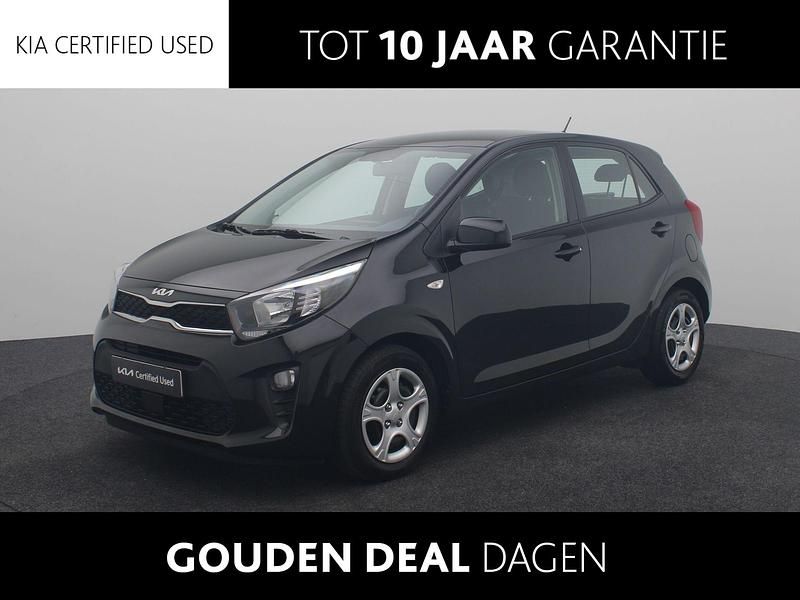 Zwart Gebruikt 2023 Kia Picanto Comfort Hatchback | € 12.940 (Eerlijke prijs) - Afbeelding 1/4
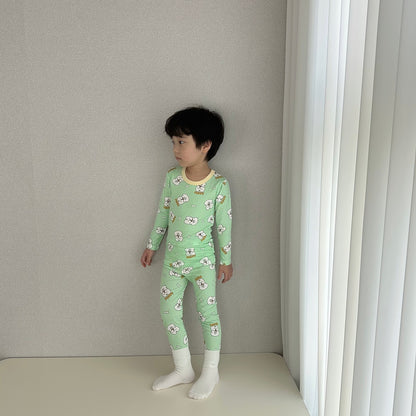 Friends Modal Home Wear Set [Heart/130/XL(6-7yr)]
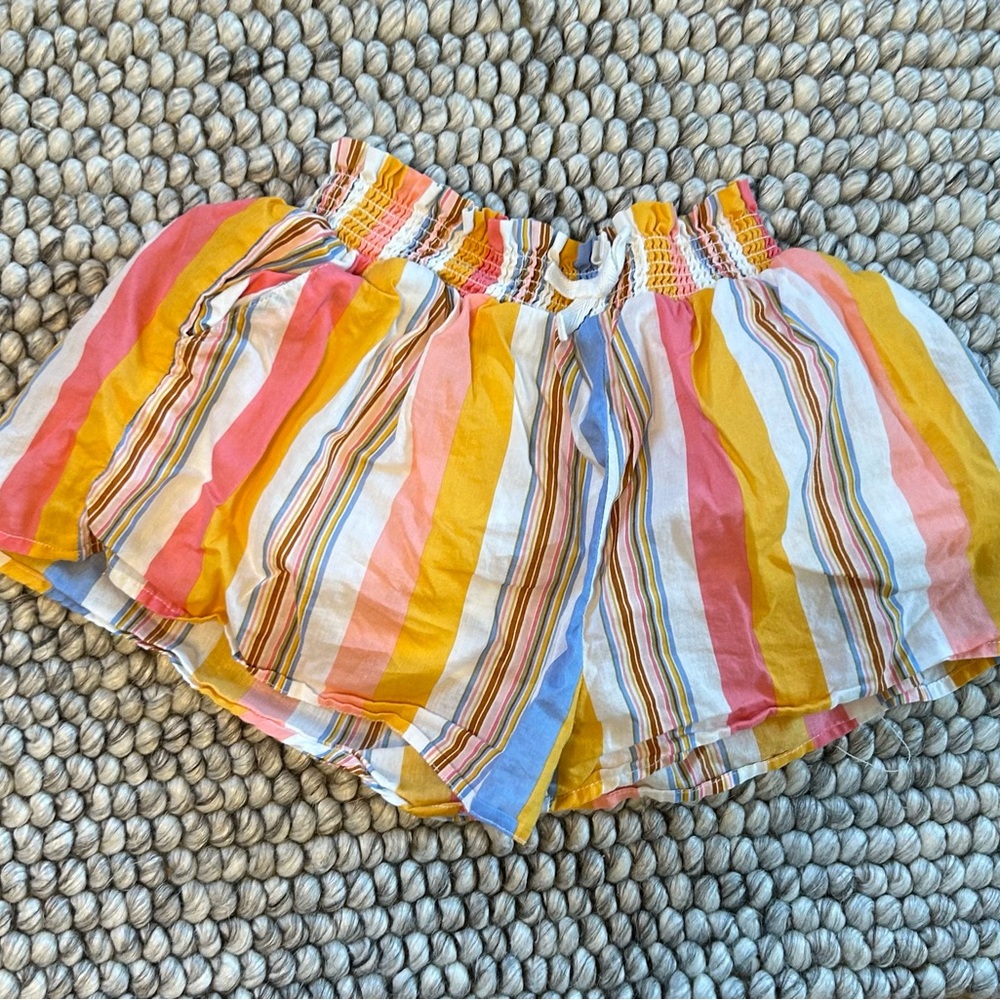 Janie and Jack Multicolor Smocked Detail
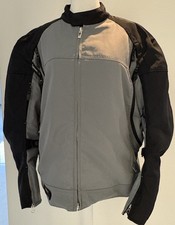 POWER TRIP MOTORCYCLE JACKET Size XL Black Gr...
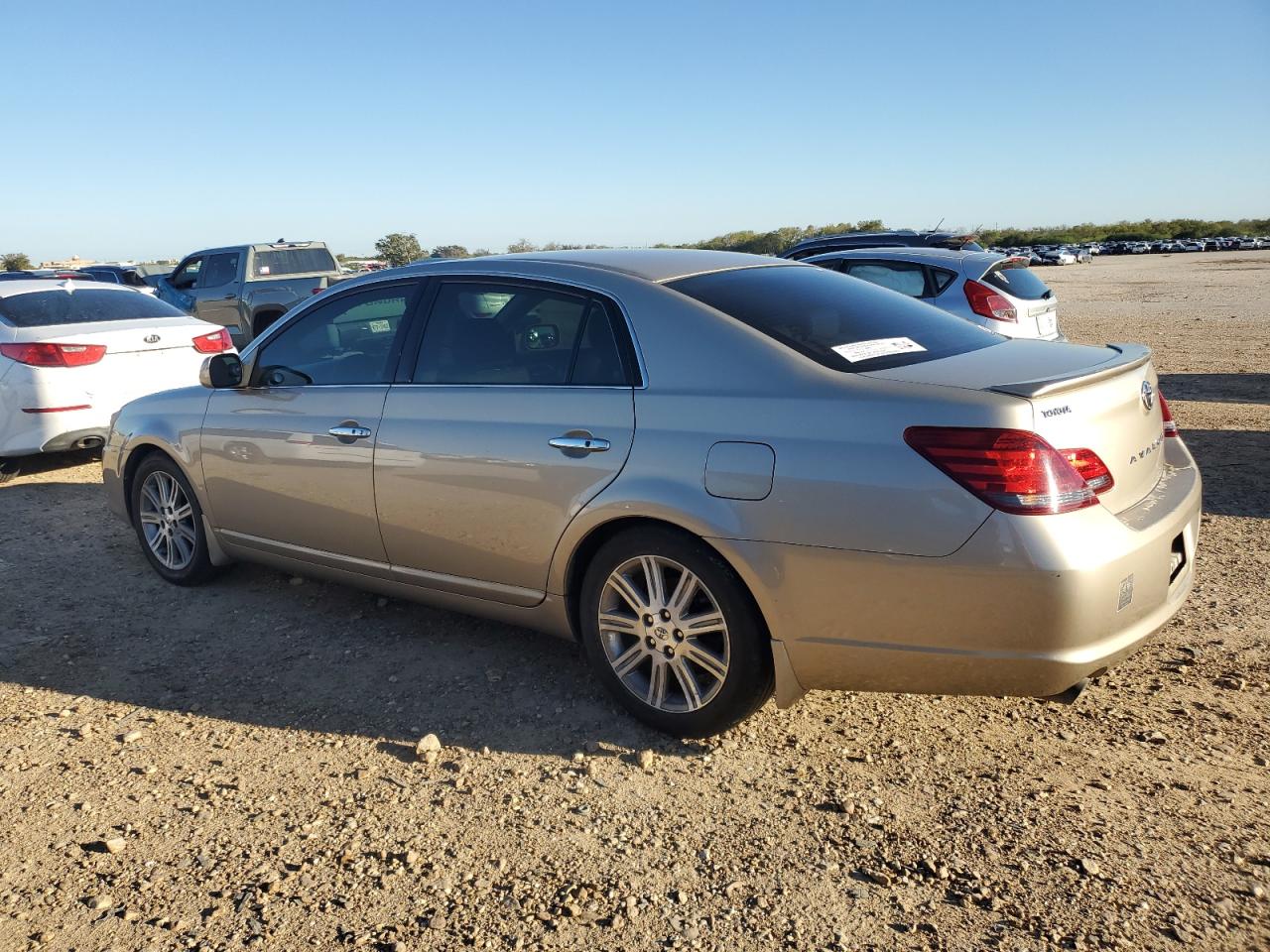 2008 Toyota Avalon VIN 4T1BK36B78U265480 Copart auction photo, front end / hail damage thumbnail 2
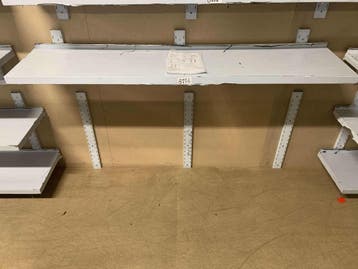 Étagère murale HCB en acier inoxydable, gamme Basic-line,, Verzenden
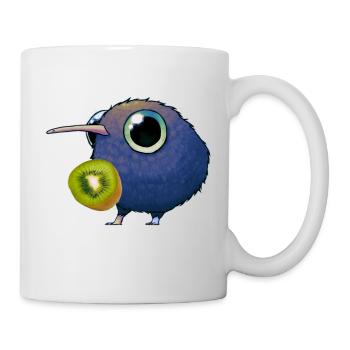 kiwi The Beast - Tasse - Weiß - Rechts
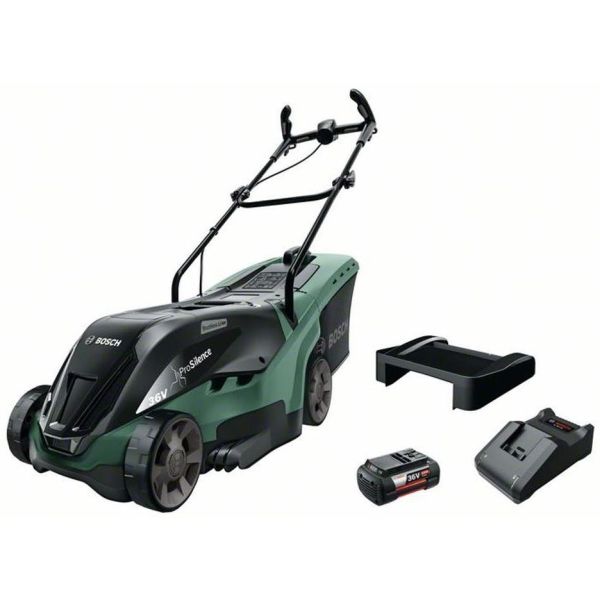Bosch DIY Universal Rotak 36-590 Ruohonleikkuri sis. 4,0 Ah akun ja laturin
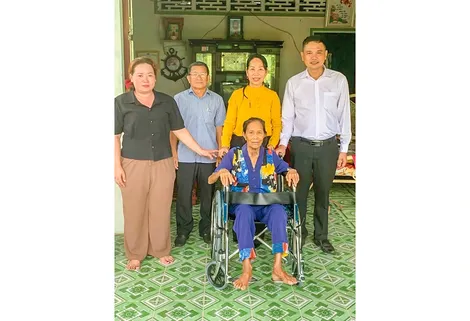 Thiết thực chăm lo nạn nhân da cam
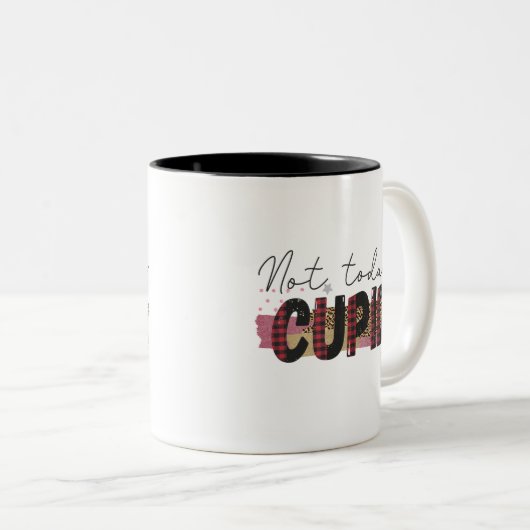 今日ではないキュピッドおもしろいガレンティン ツートーンマグカップ (正面右)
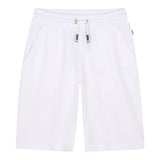 Boss Bermuda Tinta Unita con Logo per Bambino J52169B BIANCO BOSS 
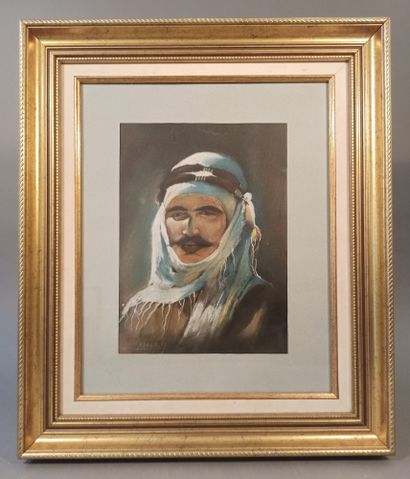 KHALIL (Xxème)

Portrait d'un homme au turban...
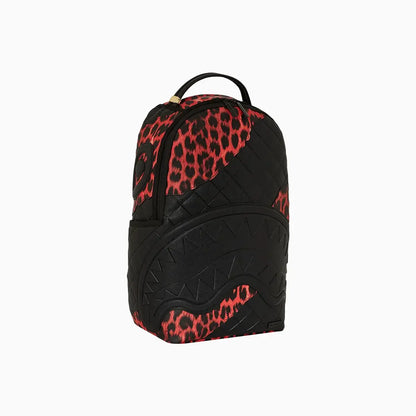 Red Leopard Puffer Dlx Backpack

- [TASK STATEMENT]: Return word for word the line bearing "Étagère murale HCB" and every later line of the entries, but none of the pictures.

- [TASK RESULT]:
 Étagère murale HCB en acier inoxydable, gamme Basic-line,, Verzenden
 kiwi The Beast - Tasse - Weiß - Rechts
Bosch DIY Universal Rotak 36-590 Ruohonleikkuri sis. 4,0 Ah akun ja laturin
 Thiết thực chăm lo nạn nhân da cam
 今日ではないキュピッドおもしろいガレンティン ツートーンマグカップ (正面右)
 Boss Bermuda Tinta Unita con Logo per Bambino J52169B BIANCO BOSS 
 KHALIL (Xxème)

Portrait d'un homme au turban...
 Red Leopard Puffer Dlx Backpack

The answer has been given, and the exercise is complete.